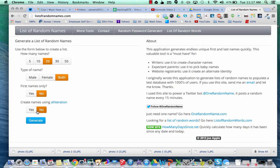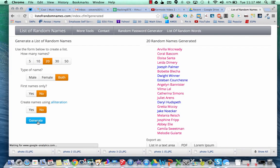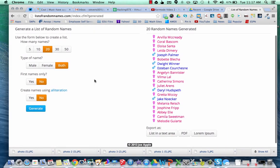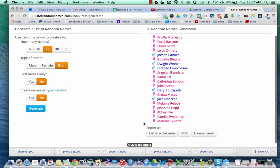First names only or both, using alliteration — generate, and boom! And from there you can export it out and be happy.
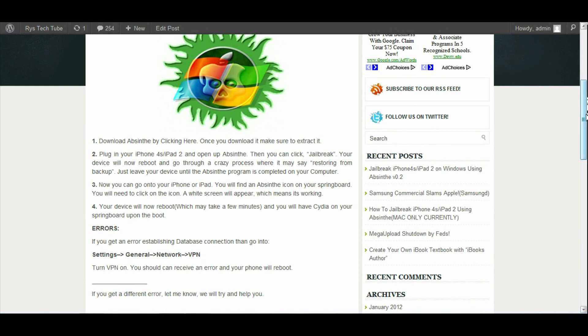If you happen to get any other errors, then please let me know in the comments below and I will try my best to help you. I cannot promise how good I can help you, but I will try to anyways.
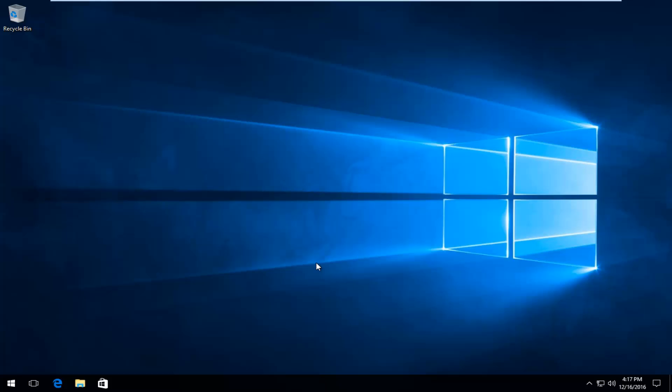Today I'm going to be showing how to hopefully resolve the KMODE exception not handled error you might be getting in Windows. I know this issue arose in Windows 8, but I wanted to make a brief tutorial about Windows 10 as well. So we're going to jump right into it. Generally I find that this error, since somebody did ask me about it, seems to be associated with a faulty driver. In this brief tutorial I'll be showing you how to hopefully resolve that issue for you guys.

| What the task asks |
Transcribe the whole listing above exactly and leave out the pictures.

| Solution |
First names only or both, using alliteration — generate, and boom! And from there you can export it out and be happy.
If you happen to get any other errors, then please let me know in the comments below and I will try my best to help you. I cannot promise how good I can help you, but I will try to anyways.
Today I'm going to be showing how to hopefully resolve the KMODE exception not handled error you might be getting in Windows. I know this issue arose in Windows 8, but I wanted to make a brief tutorial about Windows 10 as well. So we're going to jump right into it. Generally I find that this error, since somebody did ask me about it, seems to be associated with a faulty driver. In this brief tutorial I'll be showing you how to hopefully resolve that issue for you guys.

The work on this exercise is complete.